Nevertheless, the obsession is with the least dense energy sources, such as the movement of the air, photons and the fusion of hydrogen. It does not take a genius to figure out that a systematic bias towards increasing the unit cost per KwH will reduce total output thanks to raising the COGS. This bias has been so awful that much of Europe had no choice but to import nearly all energy from the Russians, who have now cut them off for throwing a tantrum about Ukraine. This is the precipitating event for our current crisis; a necessary but far from sufficient cause. Real blame lies with bad energy and industrial policy for decades.
This one-two-three punch has resulted in a knockout blow for western production. The only thing that reduction of the money supply via rising interest rates can do is lower prices. This is cargo-cult economics; it will do nothing to change the very real fact that too few goods means a lower standard of living. As long as the rate of production falls faster than the money supply (which it will for some time), inflation will remain uncontrolled. The FED and central banks can do nothing whatsoever about bad fiscal, industrial and energy policy.

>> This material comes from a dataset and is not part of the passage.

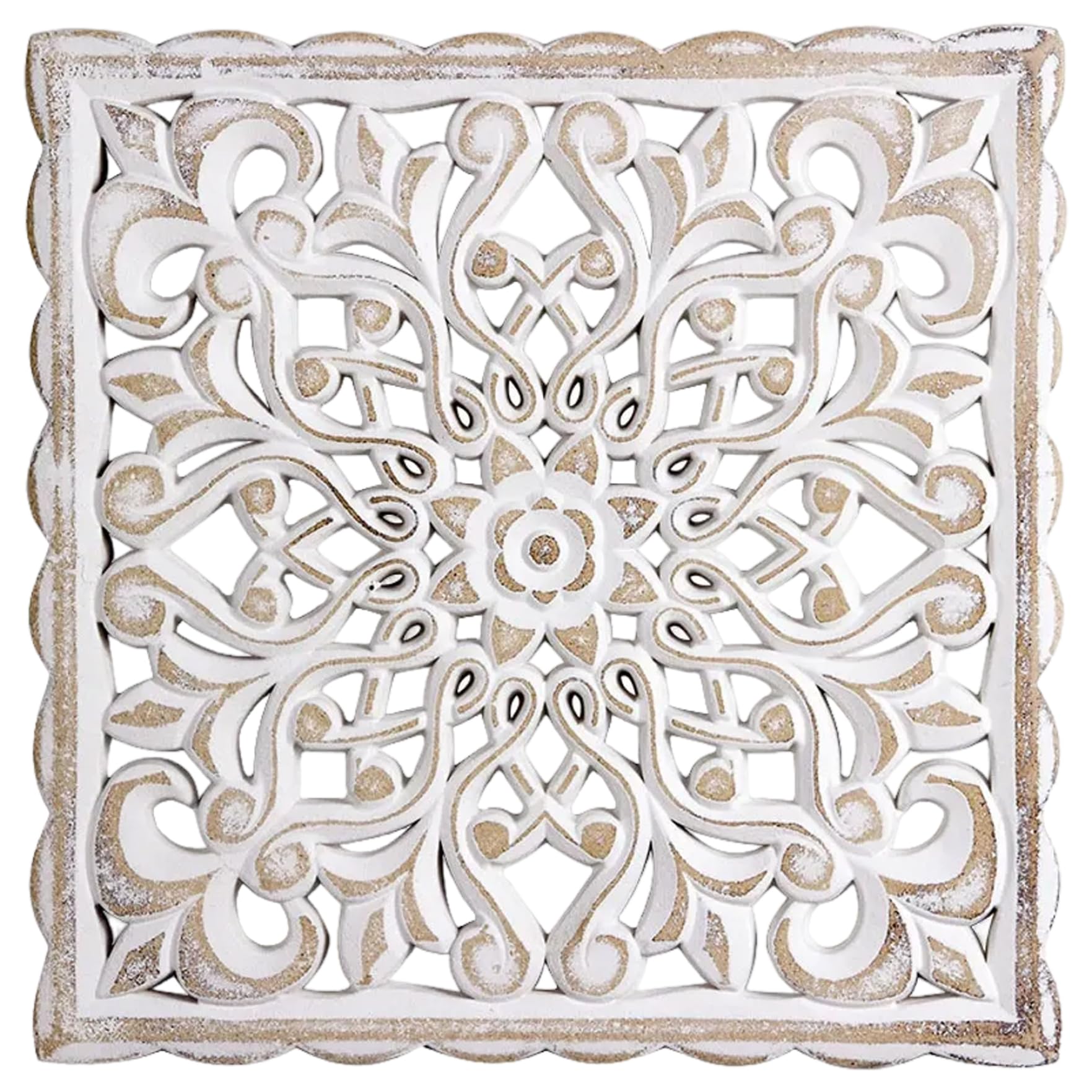 Decoración de la pared de madera, arte de pared de madera tallada hueca floral, arte de pared decorativo blanco vintage de mandala 12x12x0.5 Panel de pared colgante con diseño de mandala para sala de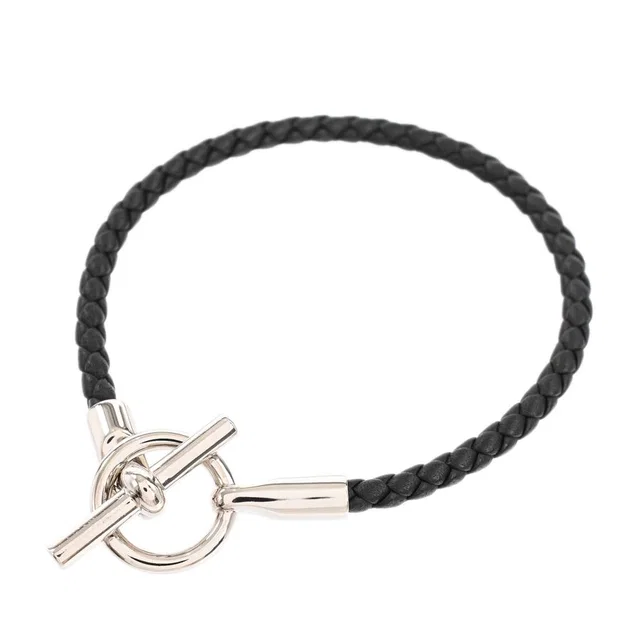 Hermès Bracelet Glenan Silver in Silver Swift leather from The Reluxe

Ultimately a unified policy aimed at increasing standards of living via increased domestic production of goods and services, higher productivity, price and regulatory stability would have to be adopted. This will not be done until all the deranged bureaucrats are either sacked en masse or filter out from age-attrition. The likelihood of the former remains low, so the only way out is death. It's a hard way out.
If delusional policy is kept around long enough, the problem will resolve itself thanks to our impending demographic collapse resulting in persistent demand destruction. Maybe that's the Fascist policy of the future. Make sure that demand is dropping faster than production so you can juice money supply growth and keep the plunderbund rolling. Japan truly is the land of the future.